The Day of the Triffids (1951) by John Wyndham

The Day of the Triffids was made into a forgettable 1960 film.
Book Review
The Day of the Triffids (1951)
 by John Wyndham

  The Day of the Triffids is a nearly forgotten (in the US) science fiction classic by English genre Author John Wyndham.  Wyndham spent a career laboring in the lower echelons of English publishing before breaking through with The Day of the Triffids and The Midwich Cuckoos, both of which sold in an amount which ensured his fortune.

   Like The Midwich Cuckoos, Wyndham expertly evokes Cold War vibes, namely fear of invasion by an alien "other" with a relentless hive mind.  Here, the monsters are not alien babies but giant walking plants that communicate with one another and kill with a sting.  Wyndham doubles down on thematic complexity by staging a mass blinding of 98% of humanity the night prior to the Triffid uprising.   The idea of a mass blinding of humanity is itself a durable theme, see Blindness by Jose Saramago, published in 1995, and the subsequent film version.
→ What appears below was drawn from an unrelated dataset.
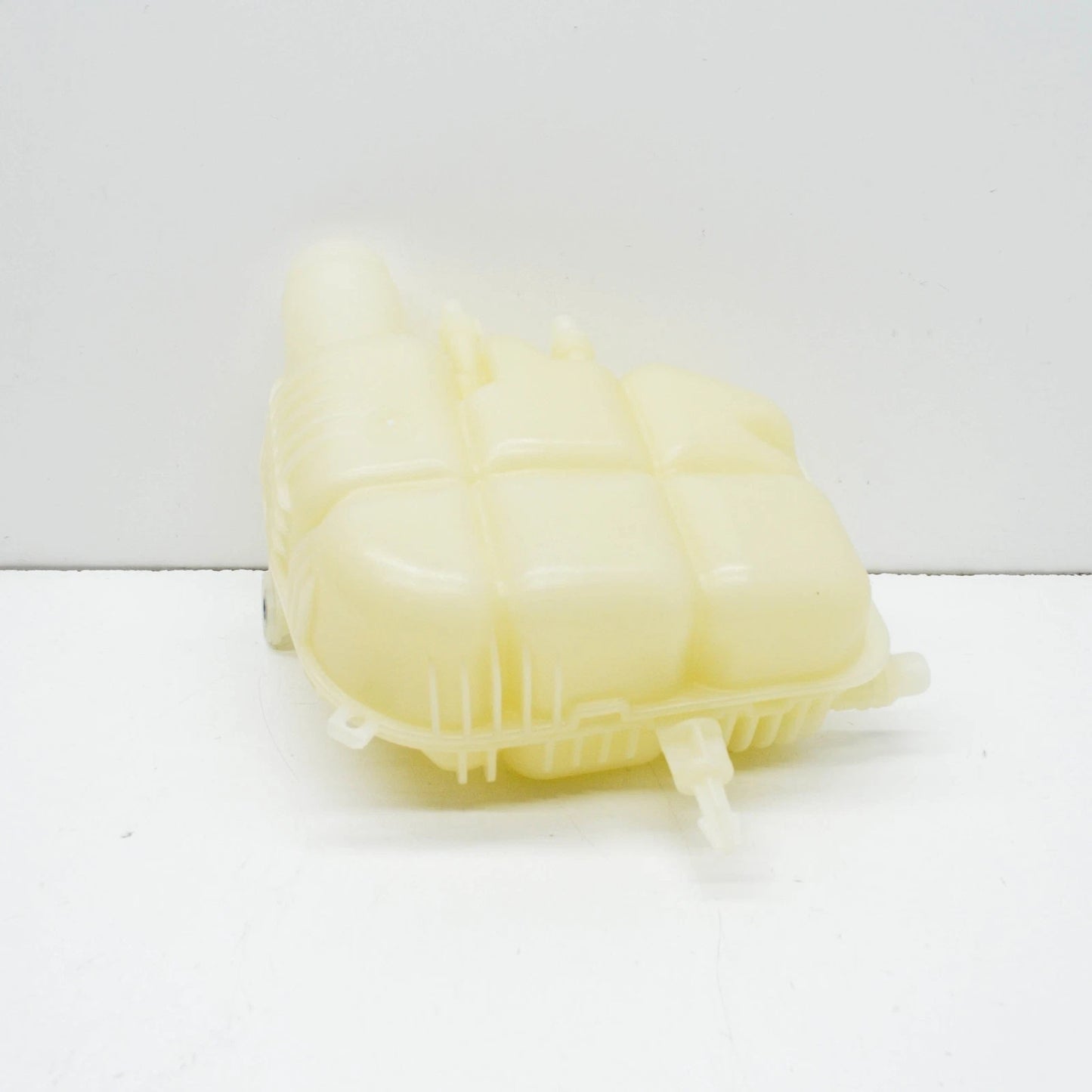 NEW BMW 1 F40 ENGINE COOLANT EXPANSION TANK 17138687503 ORIGINAL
  If you can track down a copy, it's worth a read, especially for sci-fi fans who may have missed The Day of the Triffids because of its borderline in-print status in the United States.  There is also a recently published sequel, Night of the Triffids, by a separate author.  I actually mistakenly read Night first, and it was decent, much better than one might reasonably expect from a sequel written decades later by a different author.